* **Task requirements**: Omit every picture and output the rest of the records exactly as they are.

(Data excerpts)
━━━━━━━━━━

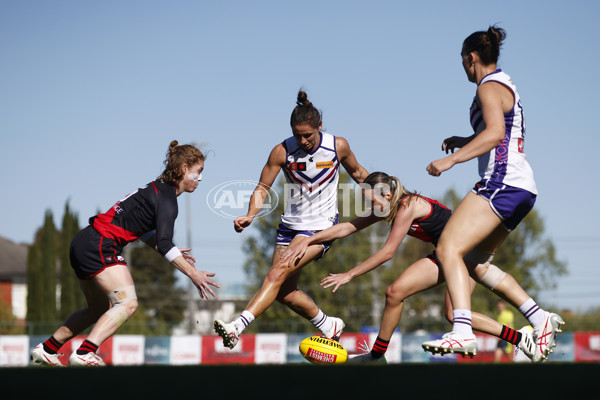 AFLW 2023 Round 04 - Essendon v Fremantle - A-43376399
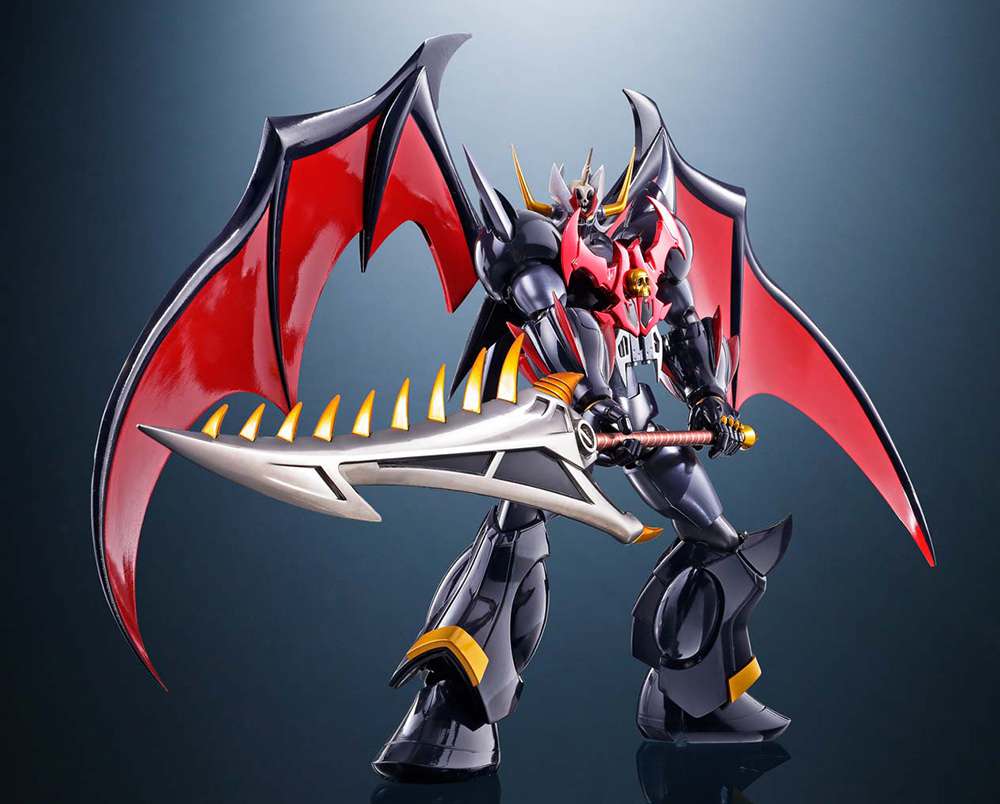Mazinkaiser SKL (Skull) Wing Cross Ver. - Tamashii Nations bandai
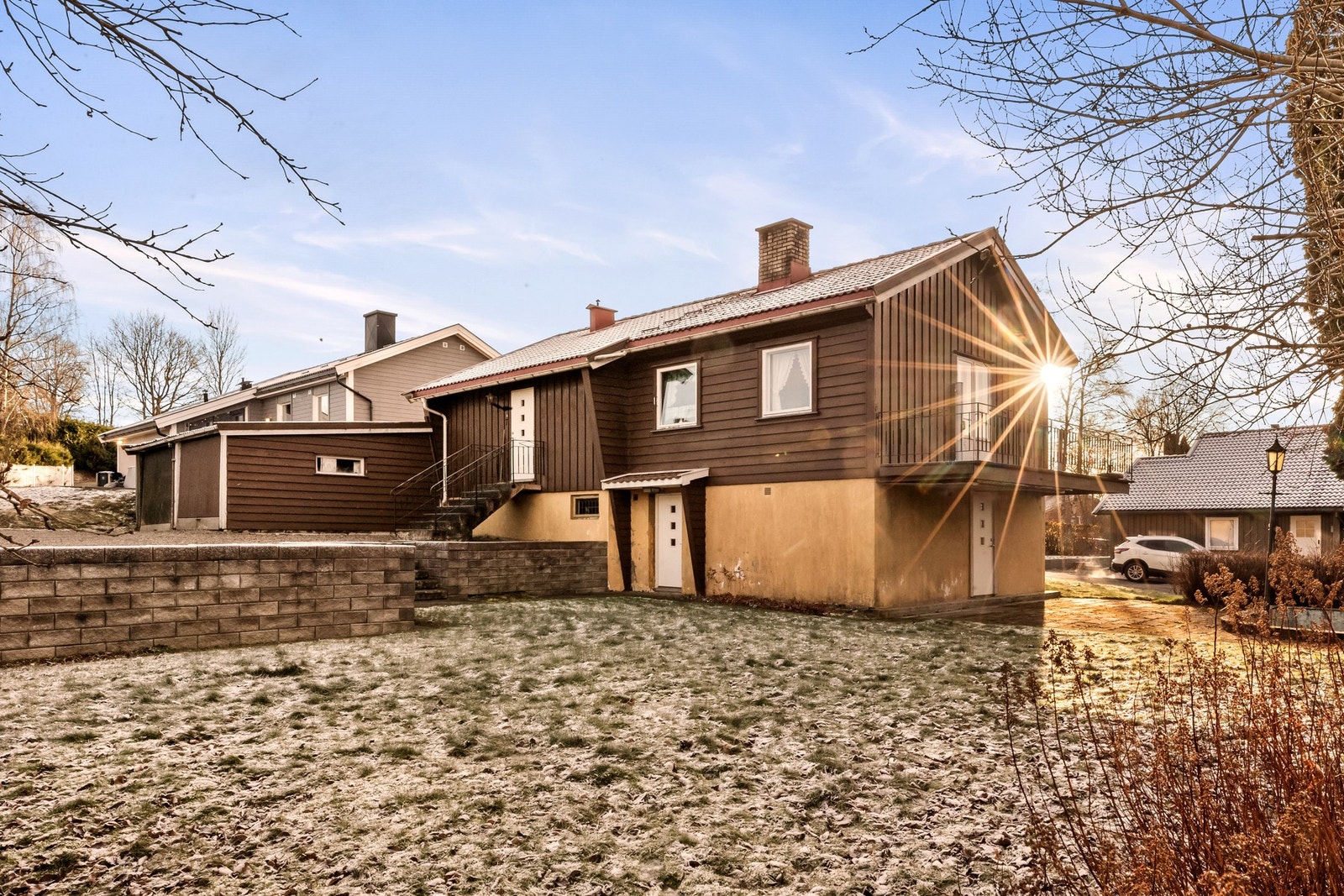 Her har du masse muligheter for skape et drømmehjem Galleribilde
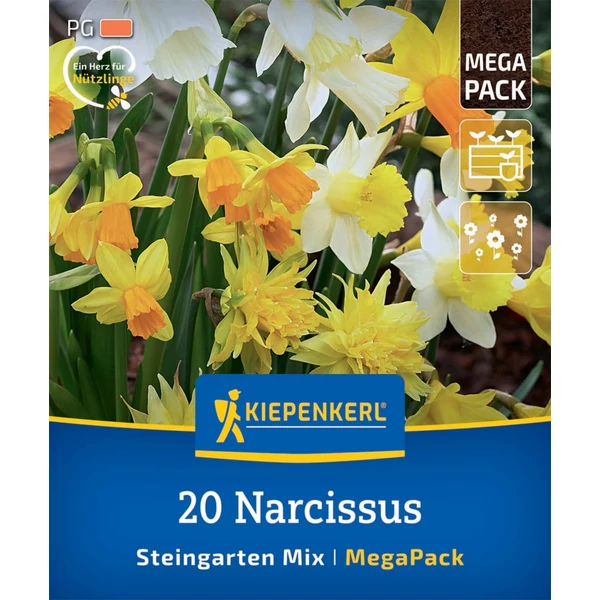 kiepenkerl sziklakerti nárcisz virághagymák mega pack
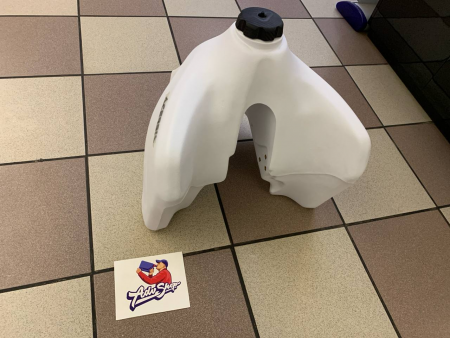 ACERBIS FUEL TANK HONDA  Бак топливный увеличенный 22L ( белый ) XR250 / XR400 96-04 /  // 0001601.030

━━━━━━━━━━

* **Answer space**:
 AFLW 2023 Round 04 - Essendon v Fremantle - A-43376399
Mazinkaiser SKL (Skull) Wing Cross Ver. - Tamashii Nations bandai
 Her har du masse muligheter for skape et drømmehjem Galleribilde
 kiepenkerl sziklakerti nárcisz virághagymák mega pack
 ACERBIS FUEL TANK HONDA  Бак топливный увеличенный 22L ( белый ) XR250 / XR400 96-04 /  // 0001601.030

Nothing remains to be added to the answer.